Du « réalisme raisonnable » aux prochains conflits mondiaux

Dans une interview donné au journal L’Humanité le sociologue Rémi Lefevre résumait la faiblesse de la vision politique du PS : « la culture technocratique y est tellement ancrée qu’on pense souvent l’idéologie sous le seul angle programmatique. Les responsables sont en quelque sorte des techniciens de l’action publique, mais il n’y a plus de culture de confrontation idéologique.

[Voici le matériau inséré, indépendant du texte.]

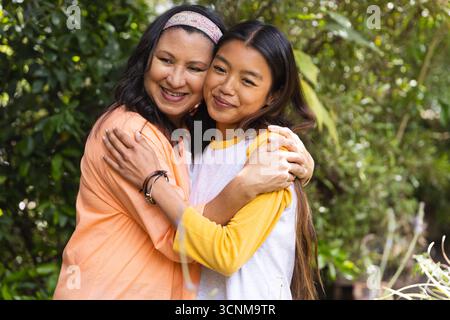 Hispanic mother and Asian teenage daughter hugging in backyard garden with headband and bracelets Stock Photo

Ainsi, les conventions tombent très vite dans le catalogue technique de propositions. » Cette approche déteint également dans la vision du monde du PS. La résignation au monde tel qu’il est, à ses crises et à ses désordres, se retrouve dans ce document sans saveur qui résume tous les poncifs de « bonne gouvernance ». La guerre en Afghanistan : elle doit être soumise à un débat au Parlement (pourquoi ? pour lui donner une nouvelle légitimité ?) et l’hypothèse d’un retrait est courageusement conditionnée à un accord avec les forces européennes et américaines. Ce qui est une façon de reconnaître sa propre soumission à ses maîtres. C’est somme toute logique, puisque l’intégration à l’OTAN n’est pas remise en cause. La décision d’intégrer le commandement militaire devant seulement être réexaminée, sans qu’on sache si le PS est pour le quitter. Et sur le risque croissant aujourd’hui de guerre contre l’Iran, le document ne se prononce pas, sauf pour mentionner que la « dissémination nucléaire est un danger majeur ».

Plus grave, la remise en cause de la distinction entre « sécurité extérieure » et « sécurité intérieure » peut se justifier en cas de « situation exceptionnelle » qui amènerait un « engagement temporaire des moyens de service public de nos armées dans une crise intérieure ». Les liens entre l’armée et la nation – et notamment la jeunesse – doit être renforcée. L’urgence est affirmée à plusieurs reprises de relancer « L’Europe de la Défense »…

Le Parti Socialiste n’a pas seulement intériorisé comme une contrainte insurmontable la soumission aux marchés financiers et aux politiques de rigueur. Il s’inscrit pleinement dans le cadre de la concurrence dangereuse qui se développe entre puissances. Cette confrontation alimentée par la crise économique, les tensions monétaires mais également par les rivalités géopolitiques entre puissances et la question de plus en plus prégnante de l’accès aux matières premières, aux sources d’énergie, peut provoquer des crises internationales majeures dans les prochaines années. C’est également pour cette raison que la reconstruction d‘une véritable gauche est une question vitale, en France, en Europe et dans le monde.